On the sender side, I’m ensuring that my wcSMTP implementation is robust enough for my customers to pass the SPF/DKIM checks mandated by ADSP—oops, I mean DMARC baloney. At this point, it's become necessary to have provisional scripts in place for rewriting and resigning outgoing mail.

ADSP failed because there were no viable third-party solutions. So why should we expect Super-ADSP, aka DMARC, to work any better for third parties? It doesn't, so it's essentially the same as ADSP—the same issues then, the same issues now.

Have a great 2025! :-)


On 1/3/2025 1:58 PM, Michael Thomas wrote:

On 1/2/25 7:45 PM, Barry Leiba wrote:
And in addition to the draft's being clear that receivers need to
check all of the authentication mechanisms (currently SPF and DKIM),
Section 7.4 contains strong language that senders relying on SPF
alone, without DKIM, are treading dangerously.  The combination --
senders really need to sign with DKIM, receivers need to check both
SPF and DKIM -- is important, and anyone who thinks we need to say it
more clearly should please send suggested text so we can see
specifically what we need to add/clarify.

I think it's a  little more than "treading dangerously". It sort of goes to the heart of why DMARC exists at all.

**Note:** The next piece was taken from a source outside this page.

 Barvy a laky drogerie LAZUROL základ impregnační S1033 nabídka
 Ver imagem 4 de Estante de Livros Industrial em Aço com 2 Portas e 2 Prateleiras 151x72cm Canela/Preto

Didn't Tero say that there used to be a MUST somewhere that made explicit that both SPF and DKIM MUST be evaluated?  If so, why was it taken out and why can't it be put back in to clear his issue? There is a like absolutely no rationale for receivers to not verify DKIM these days. Even 20 years ago it wasn't an issue.

Mike


Barry

On Thu, Jan 2, 2025 at 9:40 PM John Levine <[email protected]> wrote:
It appears that Michael Thomas <[email protected]> said:
If we are going under the assumption that both SPF and DKIM have their own strengths and weaknesses with respect to being able to verify where a piece of email came from (or passed through too in the case of DKIM), a sender needs the confidence that the receiver implement both of them
before they set a reject policy which could lead to deliverability
issues. It is utterly irrelevant what is currently deployed in the field right now -- it's a new proposed standard, after all. Both SPF and DKIM have their own policy mechanisms and if you are a SPF-only shop you can
use its mechanism if you feel brave enough.
That is both what 7489 says and what the current draft says. Every DMARC implementation I know checks both SPF and DKIM.  We considered and rejected proposals to deprecate SPF, or to add a flag saying to check only one or the other.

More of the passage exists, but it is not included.